● PROMPT: In the copy of the lines below, leave out pictures and print everything else exactly.

● STORED DATA:
"""

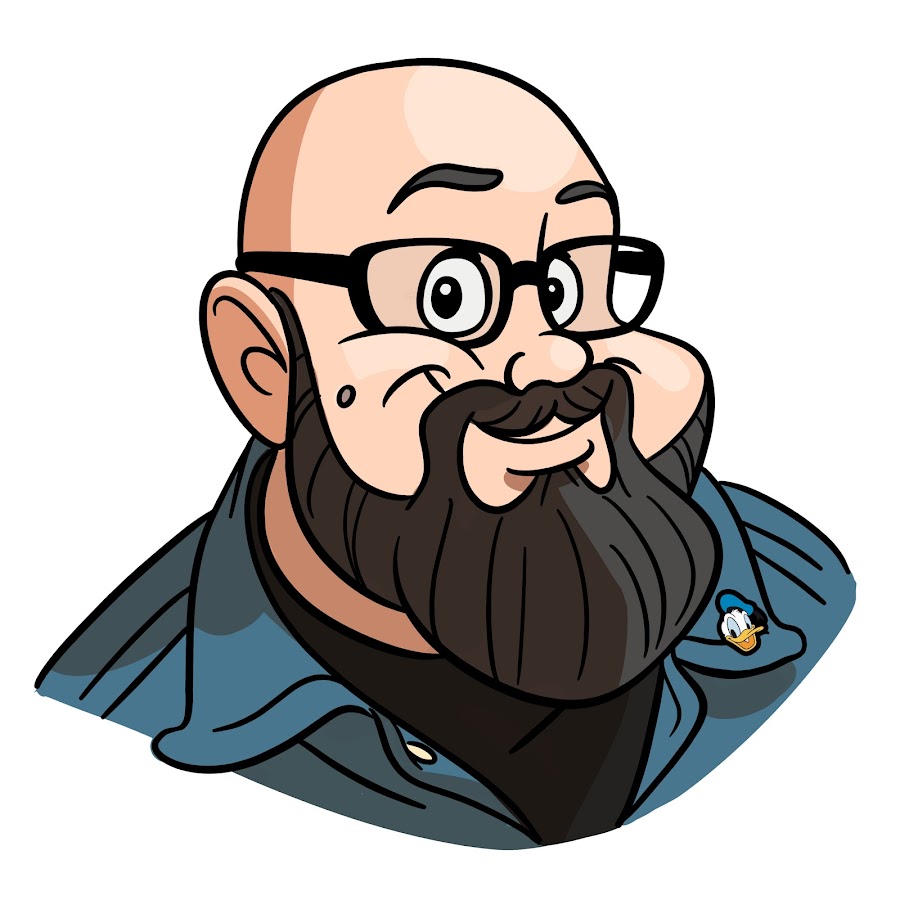 Super Canard™ tweet media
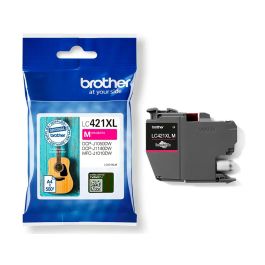 Brother Tinta Magenta Mfc-J1010Dw - Dcp-J1050Dw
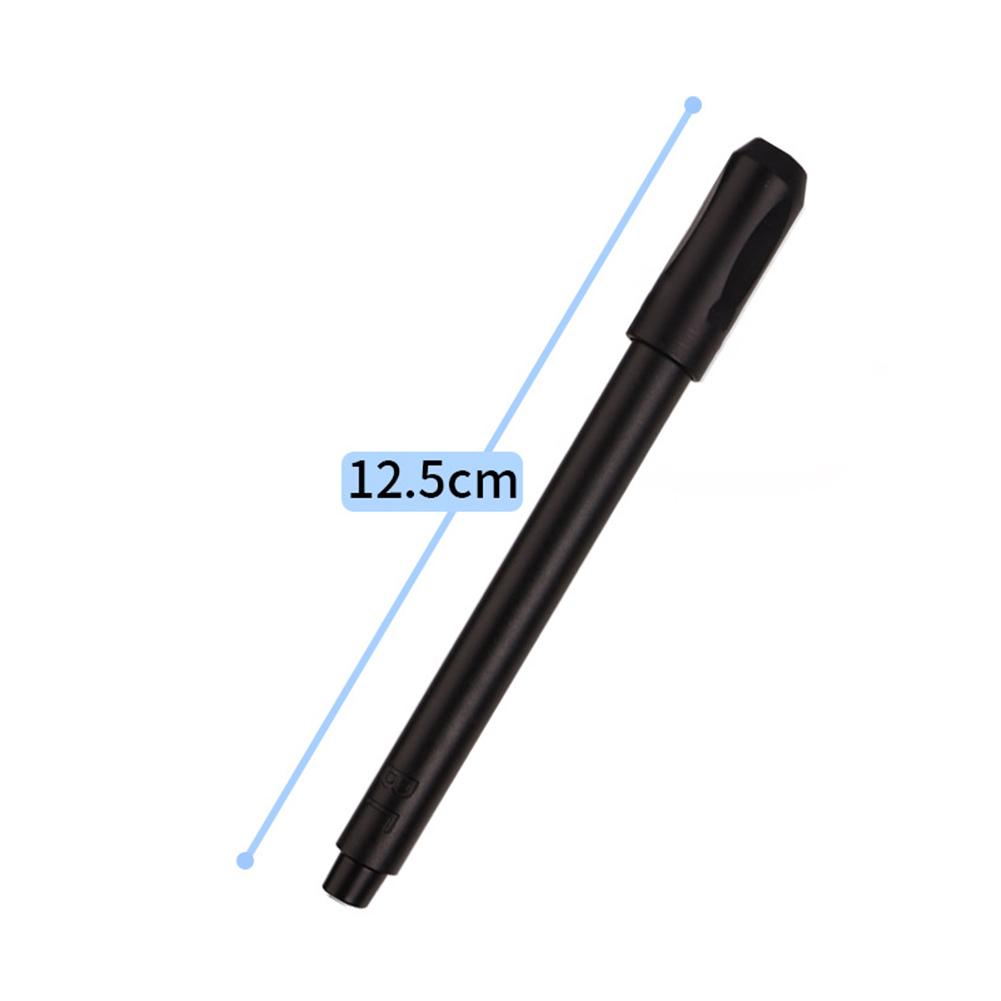 

Удлинитель для карандаша Держатель для ручки для рисования Держатель для карандаша Карандаш для эскизов Чехол для цветных карандашей Удлинитель Художественные принадлежности Школьные офисные принадлежности чёрный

"""

● ANSWER FOR THIS EXERCISE:
 Super Canard™ tweet media
 Brother Tinta Magenta Mfc-J1010Dw - Dcp-J1050Dw

Удлинитель для карандаша Держатель для ручки для рисования Держатель для карандаша Карандаш для эскизов Чехол для цветных карандашей Удлинитель Художественные принадлежности Школьные офисные принадлежности чёрный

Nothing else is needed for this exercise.